- Pitcher
- Born: October 6, 1896 Albany, New York, U.S.
- Died: December 15, 1958 (aged 62) Brooklyn, New York City, U.S.
- Batted: RightThrew: Right

MLB debut
- July 27, 1918, for the Brooklyn Robins

Last MLB appearance
- July 27, 1918, for the Brooklyn Robins

MLB statistics
- Win–loss record: 0–1
- Earned run average: inf
- Innings pitched: 0
- Batters faced: 4
- Earned runs: 4
- Stats at Baseball Reference

Teams
- Brooklyn Robins (1918);

= Harry Heitmann =

American baseball player (1896-1958)

Henry Anton Heitmann (October 6, 1896 – December 15, 1958) was an American pitcher in Major League Baseball (MLB). He pitched in one game for the Brooklyn Robins during the 1918 baseball season, getting the start against the St.

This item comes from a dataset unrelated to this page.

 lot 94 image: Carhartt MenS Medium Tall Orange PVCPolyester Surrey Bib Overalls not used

Louis Cardinals on July 27, 1918, in the second game of a doubleheader.

Heitmann had been called up to the majors after a glittering debut season in the minors with Rochester, where he went 17–6 with a 1.32 earned run average (ERA). Unfortunately, his major league career would not be anywhere near as successful—although for nearly one hundred years there was a discrepancy in the account of just how unsuccessful Heitmann was in his one ML game. Written newspaper accounts claim he faced four batters and got none of them out, while the published box score indicated he faced five batters and got one out. In both accounts, the four batters who reached safely all did so on base hits, and all came around to score the first four runs in a 22–7 St. Louis victory, tagging Heitmann with the loss. Official baseball statistics went with the box score version, crediting Heitmann with pitching one-third of an inning and finishing his career with an ERA of 108.00.

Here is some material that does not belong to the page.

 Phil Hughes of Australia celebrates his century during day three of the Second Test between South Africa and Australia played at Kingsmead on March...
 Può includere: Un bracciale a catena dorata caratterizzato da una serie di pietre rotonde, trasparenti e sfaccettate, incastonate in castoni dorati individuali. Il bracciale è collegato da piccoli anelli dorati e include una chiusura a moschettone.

However, recent research by the Society for American Baseball Research confirms the newspaper accounts. As of 2011, Heitmann is now credited with facing four batters, giving up four hits and four runs, and being one of 19 players who retired from the major leagues with an ERA of infinity.

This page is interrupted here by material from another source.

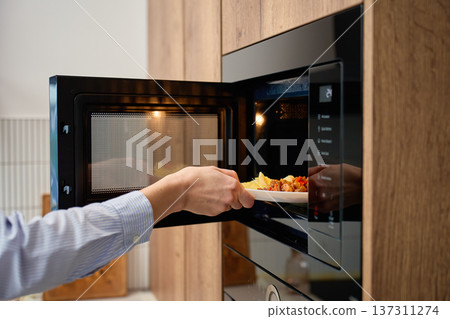 Hand holds plate with cooked food at open built in microwave oven in kitchen cabinet Hand holds plate with cooked food at open built in microwave oven in kitchen cabinet 137311274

The aftermath of Heitmann's appearance has also become part of baseball lore. According to contemporary accounts, Heitmann was pulled from the game, then—even as the game continued—he immediately packed up his belongings, left the stadium, and enlisted in the Navy. Other accounts have Heitmann already enlisted in the Navy, and leaving the stadium to return to the Brooklyn Naval base. Whether or not this legend is strictly true is open to debate. In any event, Heitmann's naval career didn't last that long; by 1919 he was again pitching for Rochester. Heitmann enjoyed a relatively long and successful minor league career that lasted until 1928, switching from pitching to being primarily an outfielder/first baseman by the mid-1920s. He finished his minor league career with a 68–46 win–loss record, and a .292 batting average in nearly 2,000 at bats.